Transcribe all the data below exactly, leaving its pictures out.

**Provided entries**
[Start of Attachment]
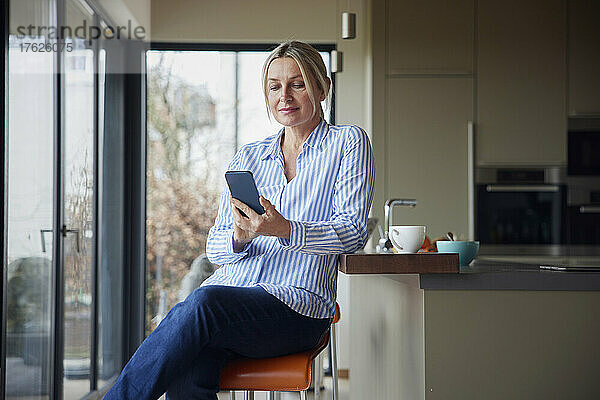 Blonde Frau surft mit Smartphone im Internet und sitzt in der Küche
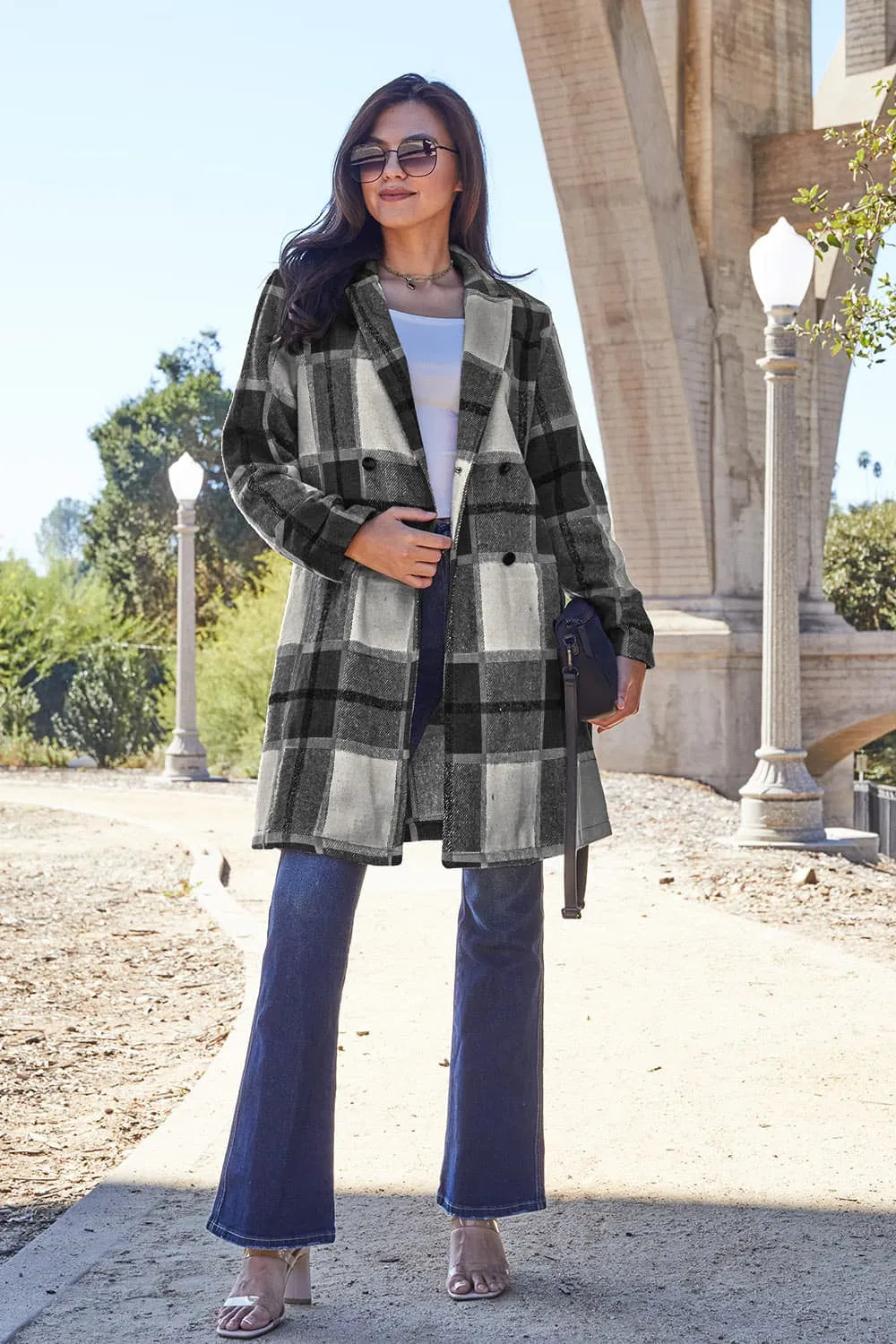 Black plaid coat mid length styled with flare jeans and a shoulder bag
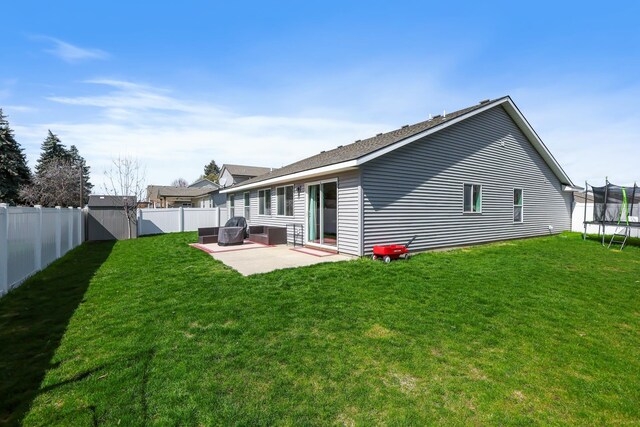 rear view of property featuring a lawn, a patio area, a fenced backyard, and a trampoline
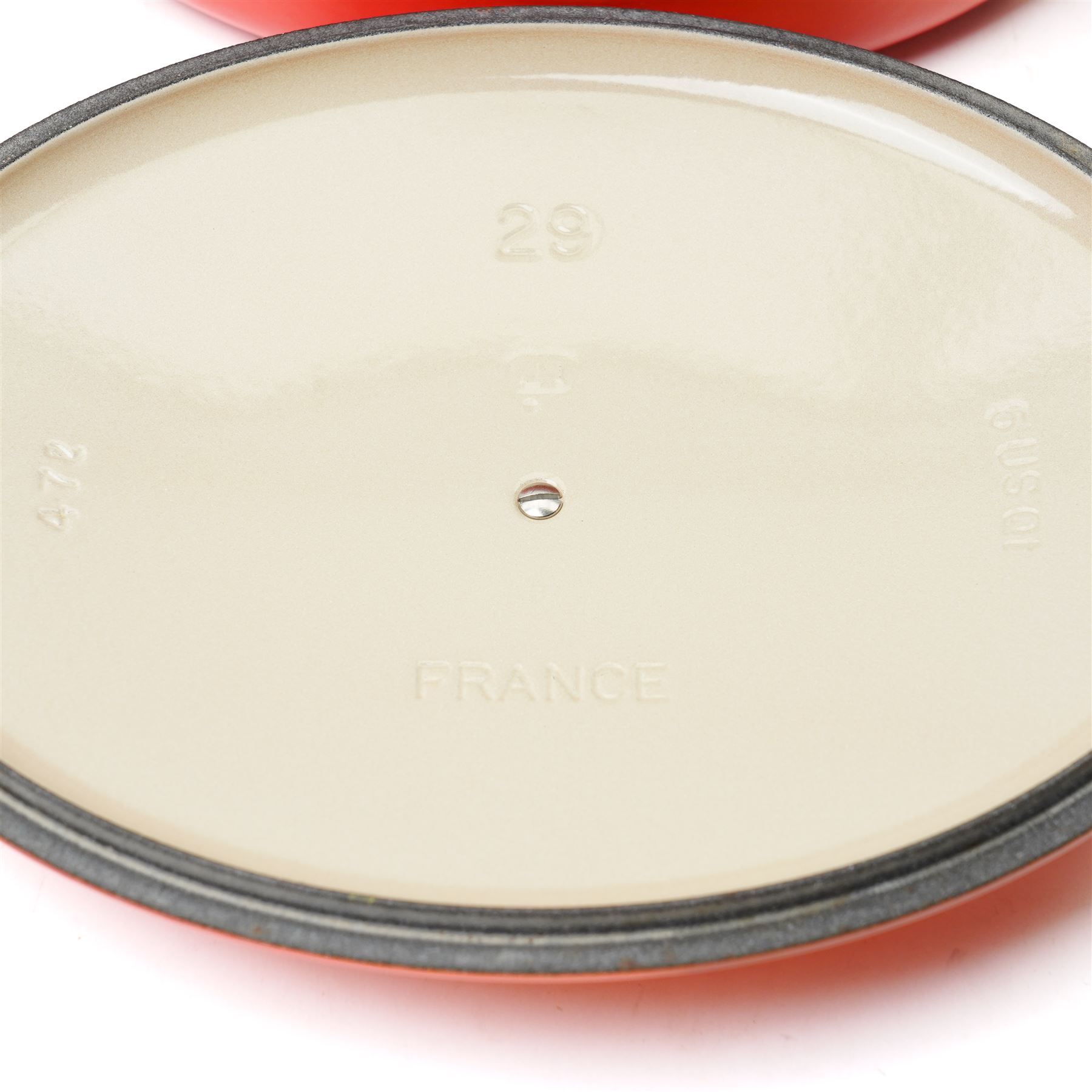 Le Creuset oval casserole dish and cover,  and another shallow example, in the Volcanic colourway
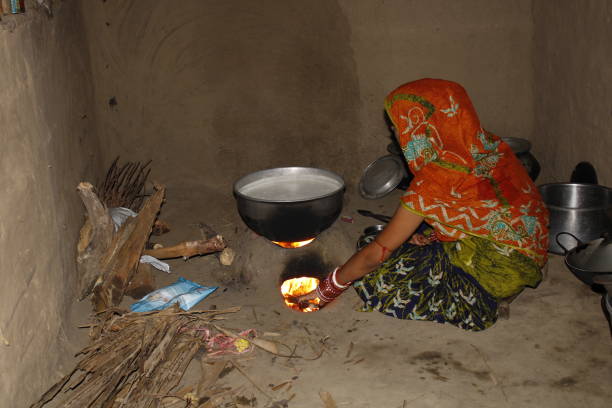 istock A Indian Woman Making Paneer or Cheese At Her Home With Traditional Method Using Mud Stove. 1406151246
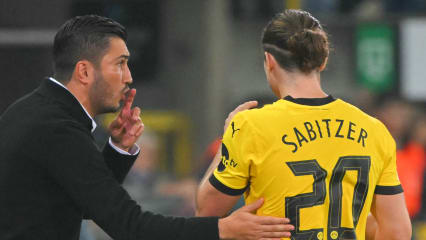 Borussia Dortmund's Turkish coach Nuri Sahin (L) speaks with Borussia Dortmund's Austrian midfielder #20 Marcel Sabitzer during the UEFA Champions League's 1st round day 1 football match between Club Brugge KV and Borussia Dortmund at the Jan Breydel Stadium in Bruges on September 18, 2024. (Photo by NICOLAS TUCAT / AFP) (Photo by NICOLAS TUCAT/AFP via Getty Images)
[End of Attachment]
**The answer**
 Blonde Frau surft mit Smartphone im Internet und sitzt in der Küche
 Black plaid coat mid length styled with flare jeans and a shoulder bag
 rear view of property featuring a lawn, a patio area, a fenced backyard, and a trampoline
 Le Creuset oval casserole dish and cover,  and another shallow example, in the Volcanic colourway
 istock A Indian Woman Making Paneer or Cheese At Her Home With Traditional Method Using Mud Stove. 1406151246
 Borussia Dortmund's Turkish coach Nuri Sahin (L) speaks with Borussia Dortmund's Austrian midfielder #20 Marcel Sabitzer during the UEFA Champions League's 1st round day 1 football match between Club Brugge KV and Borussia Dortmund at the Jan Breydel Stadium in Bruges on September 18, 2024. (Photo by NICOLAS TUCAT / AFP) (Photo by NICOLAS TUCAT/AFP via Getty Images)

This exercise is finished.